Senga needs proof, not optimism

The next step should be pretty blunt. Senga has to show the Mets a cleaner outing.

It does not have to be 7 scoreless innings with 12 strikeouts. It just has to look like a pitcher in control of his delivery and the count. He needs more strikes, fewer free bases, no hit batters, and no wild pitches turning a normal inning into a stress test. That is what the Mets need before they can seriously talk themselves into handing him a major league start again.

The season has already been rough enough on the rotation. Senga opened the year with 2 useful starts, then things unraveled before the injured list entered the picture. His major league line still shows a 9.00 ERA over 20 innings, with too many walks and too many hard innings packed into a short sample.

The Mets should make him force the decision

The best version of this is Senga taking the ball in his next rehab start and making the decision obvious.

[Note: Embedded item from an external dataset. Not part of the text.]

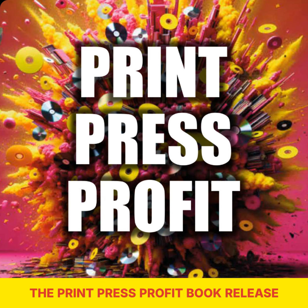Hey there, print fanatics and book lovers. Welcome to Print Press Profit Podcast, the podcast where we talk all things physical media. I'm your host, Simon Crack, and today is a special episode all about the release of the Print Press Profit Book. Get ready for some insider tips and exciting updates. Let's dive in.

That has not happened yet.

Right now, the Mets are looking at a starter who is building volume, missing some bats, and still fighting the strike zone too much. That is not enough for a team trying to stop the rotation from wobbling every few nights.

Senga’s return can still be a major lift. It probably has to be if the Mets are going to stabilize this season and keep their pitching staff from feeling patched together every week.

But the path back should run through performance, not hope. The Mets need an arm in the rotation. They just cannot afford to pretend this rehab assignment has been anything close to reassuring.